Dataset excerpts
____

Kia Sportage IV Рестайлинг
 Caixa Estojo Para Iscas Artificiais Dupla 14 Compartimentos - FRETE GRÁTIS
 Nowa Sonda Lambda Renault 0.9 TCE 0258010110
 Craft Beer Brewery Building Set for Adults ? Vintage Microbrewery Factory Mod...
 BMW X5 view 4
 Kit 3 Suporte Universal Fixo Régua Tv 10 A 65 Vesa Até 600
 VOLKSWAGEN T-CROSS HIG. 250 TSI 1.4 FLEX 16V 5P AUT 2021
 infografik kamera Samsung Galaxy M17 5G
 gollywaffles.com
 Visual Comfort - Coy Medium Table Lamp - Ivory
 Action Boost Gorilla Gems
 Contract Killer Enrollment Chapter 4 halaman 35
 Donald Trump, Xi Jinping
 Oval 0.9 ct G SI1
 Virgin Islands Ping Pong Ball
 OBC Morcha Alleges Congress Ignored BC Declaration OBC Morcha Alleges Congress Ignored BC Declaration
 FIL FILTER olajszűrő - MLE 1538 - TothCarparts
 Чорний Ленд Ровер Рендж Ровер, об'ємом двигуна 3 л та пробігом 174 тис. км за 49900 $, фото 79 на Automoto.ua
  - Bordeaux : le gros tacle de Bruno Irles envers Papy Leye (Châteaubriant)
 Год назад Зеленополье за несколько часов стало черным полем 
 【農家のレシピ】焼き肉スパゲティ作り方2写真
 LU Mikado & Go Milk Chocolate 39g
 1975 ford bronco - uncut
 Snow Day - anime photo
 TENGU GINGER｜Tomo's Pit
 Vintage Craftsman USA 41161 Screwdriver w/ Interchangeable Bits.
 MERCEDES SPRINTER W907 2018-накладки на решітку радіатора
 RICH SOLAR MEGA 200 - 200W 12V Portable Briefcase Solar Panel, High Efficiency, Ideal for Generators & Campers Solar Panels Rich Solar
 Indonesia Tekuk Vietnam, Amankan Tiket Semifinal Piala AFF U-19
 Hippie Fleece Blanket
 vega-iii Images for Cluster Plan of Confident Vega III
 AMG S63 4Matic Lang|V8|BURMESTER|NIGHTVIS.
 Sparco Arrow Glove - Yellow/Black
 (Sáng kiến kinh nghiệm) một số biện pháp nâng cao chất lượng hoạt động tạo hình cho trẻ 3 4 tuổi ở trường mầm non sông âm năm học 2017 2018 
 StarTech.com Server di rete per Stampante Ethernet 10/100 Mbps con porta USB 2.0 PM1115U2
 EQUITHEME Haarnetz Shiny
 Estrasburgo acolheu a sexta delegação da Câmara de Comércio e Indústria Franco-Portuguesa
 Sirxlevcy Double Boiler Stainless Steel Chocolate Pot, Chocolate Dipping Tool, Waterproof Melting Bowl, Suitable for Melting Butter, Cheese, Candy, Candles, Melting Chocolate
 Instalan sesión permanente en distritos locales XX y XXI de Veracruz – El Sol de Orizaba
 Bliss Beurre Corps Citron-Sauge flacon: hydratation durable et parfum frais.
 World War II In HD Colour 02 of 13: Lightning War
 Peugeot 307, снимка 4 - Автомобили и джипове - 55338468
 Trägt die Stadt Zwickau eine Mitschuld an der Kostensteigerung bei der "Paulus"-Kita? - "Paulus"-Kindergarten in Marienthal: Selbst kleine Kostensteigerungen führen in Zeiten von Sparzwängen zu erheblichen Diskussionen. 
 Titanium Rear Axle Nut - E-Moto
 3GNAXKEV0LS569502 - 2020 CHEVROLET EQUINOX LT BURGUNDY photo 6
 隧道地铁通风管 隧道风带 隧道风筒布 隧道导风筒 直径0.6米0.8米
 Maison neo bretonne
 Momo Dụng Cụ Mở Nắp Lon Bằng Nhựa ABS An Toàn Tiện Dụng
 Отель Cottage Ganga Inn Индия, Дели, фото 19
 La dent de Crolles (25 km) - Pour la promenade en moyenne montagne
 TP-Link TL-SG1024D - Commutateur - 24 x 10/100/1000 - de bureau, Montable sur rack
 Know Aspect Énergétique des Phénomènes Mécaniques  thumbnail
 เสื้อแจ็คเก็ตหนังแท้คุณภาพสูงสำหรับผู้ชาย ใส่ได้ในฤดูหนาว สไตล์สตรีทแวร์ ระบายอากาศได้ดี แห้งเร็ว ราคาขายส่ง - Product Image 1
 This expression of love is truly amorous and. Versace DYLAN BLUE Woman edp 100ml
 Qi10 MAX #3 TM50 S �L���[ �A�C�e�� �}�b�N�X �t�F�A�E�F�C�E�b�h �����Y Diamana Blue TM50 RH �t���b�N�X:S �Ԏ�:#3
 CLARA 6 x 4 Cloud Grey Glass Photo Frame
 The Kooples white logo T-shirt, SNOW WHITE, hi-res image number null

____

What the task asks
Nothing in the records may be dropped; reproduce them exactly.

Expected output
Kia Sportage IV Рестайлинг
 Caixa Estojo Para Iscas Artificiais Dupla 14 Compartimentos - FRETE GRÁTIS
 Nowa Sonda Lambda Renault 0.9 TCE 0258010110
 Craft Beer Brewery Building Set for Adults ? Vintage Microbrewery Factory Mod...
 BMW X5 view 4
 Kit 3 Suporte Universal Fixo Régua Tv 10 A 65 Vesa Até 600
 VOLKSWAGEN T-CROSS HIG. 250 TSI 1.4 FLEX 16V 5P AUT 2021
 infografik kamera Samsung Galaxy M17 5G
 gollywaffles.com
 Visual Comfort - Coy Medium Table Lamp - Ivory
 Action Boost Gorilla Gems
 Contract Killer Enrollment Chapter 4 halaman 35
 Donald Trump, Xi Jinping
 Oval 0.9 ct G SI1
 Virgin Islands Ping Pong Ball
 OBC Morcha Alleges Congress Ignored BC Declaration OBC Morcha Alleges Congress Ignored BC Declaration
 FIL FILTER olajszűrő - MLE 1538 - TothCarparts
 Чорний Ленд Ровер Рендж Ровер, об'ємом двигуна 3 л та пробігом 174 тис. км за 49900 $, фото 79 на Automoto.ua
  - Bordeaux : le gros tacle de Bruno Irles envers Papy Leye (Châteaubriant)
 Год назад Зеленополье за несколько часов стало черным полем 
 【農家のレシピ】焼き肉スパゲティ作り方2写真
 LU Mikado & Go Milk Chocolate 39g
 1975 ford bronco - uncut
 Snow Day - anime photo
 TENGU GINGER｜Tomo's Pit
 Vintage Craftsman USA 41161 Screwdriver w/ Interchangeable Bits.
 MERCEDES SPRINTER W907 2018-накладки на решітку радіатора
 RICH SOLAR MEGA 200 - 200W 12V Portable Briefcase Solar Panel, High Efficiency, Ideal for Generators & Campers Solar Panels Rich Solar
 Indonesia Tekuk Vietnam, Amankan Tiket Semifinal Piala AFF U-19
 Hippie Fleece Blanket
 vega-iii Images for Cluster Plan of Confident Vega III
 AMG S63 4Matic Lang|V8|BURMESTER|NIGHTVIS.
 Sparco Arrow Glove - Yellow/Black
 (Sáng kiến kinh nghiệm) một số biện pháp nâng cao chất lượng hoạt động tạo hình cho trẻ 3 4 tuổi ở trường mầm non sông âm năm học 2017 2018 
 StarTech.com Server di rete per Stampante Ethernet 10/100 Mbps con porta USB 2.0 PM1115U2
 EQUITHEME Haarnetz Shiny
 Estrasburgo acolheu a sexta delegação da Câmara de Comércio e Indústria Franco-Portuguesa
 Sirxlevcy Double Boiler Stainless Steel Chocolate Pot, Chocolate Dipping Tool, Waterproof Melting Bowl, Suitable for Melting Butter, Cheese, Candy, Candles, Melting Chocolate
 Instalan sesión permanente en distritos locales XX y XXI de Veracruz – El Sol de Orizaba
 Bliss Beurre Corps Citron-Sauge flacon: hydratation durable et parfum frais.
 World War II In HD Colour 02 of 13: Lightning War
 Peugeot 307, снимка 4 - Автомобили и джипове - 55338468
 Trägt die Stadt Zwickau eine Mitschuld an der Kostensteigerung bei der "Paulus"-Kita? - "Paulus"-Kindergarten in Marienthal: Selbst kleine Kostensteigerungen führen in Zeiten von Sparzwängen zu erheblichen Diskussionen. 
 Titanium Rear Axle Nut - E-Moto
 3GNAXKEV0LS569502 - 2020 CHEVROLET EQUINOX LT BURGUNDY photo 6
 隧道地铁通风管 隧道风带 隧道风筒布 隧道导风筒 直径0.6米0.8米
 Maison neo bretonne
 Momo Dụng Cụ Mở Nắp Lon Bằng Nhựa ABS An Toàn Tiện Dụng
 Отель Cottage Ganga Inn Индия, Дели, фото 19
 La dent de Crolles (25 km) - Pour la promenade en moyenne montagne
 TP-Link TL-SG1024D - Commutateur - 24 x 10/100/1000 - de bureau, Montable sur rack
 Know Aspect Énergétique des Phénomènes Mécaniques  thumbnail
 เสื้อแจ็คเก็ตหนังแท้คุณภาพสูงสำหรับผู้ชาย ใส่ได้ในฤดูหนาว สไตล์สตรีทแวร์ ระบายอากาศได้ดี แห้งเร็ว ราคาขายส่ง - Product Image 1
 This expression of love is truly amorous and. Versace DYLAN BLUE Woman edp 100ml
 Qi10 MAX #3 TM50 S �L���[ �A�C�e�� �}�b�N�X �t�F�A�E�F�C�E�b�h �����Y Diamana Blue TM50 RH �t���b�N�X:S �Ԏ�:#3
 CLARA 6 x 4 Cloud Grey Glass Photo Frame
 The Kooples white logo T-shirt, SNOW WHITE, hi-res image number null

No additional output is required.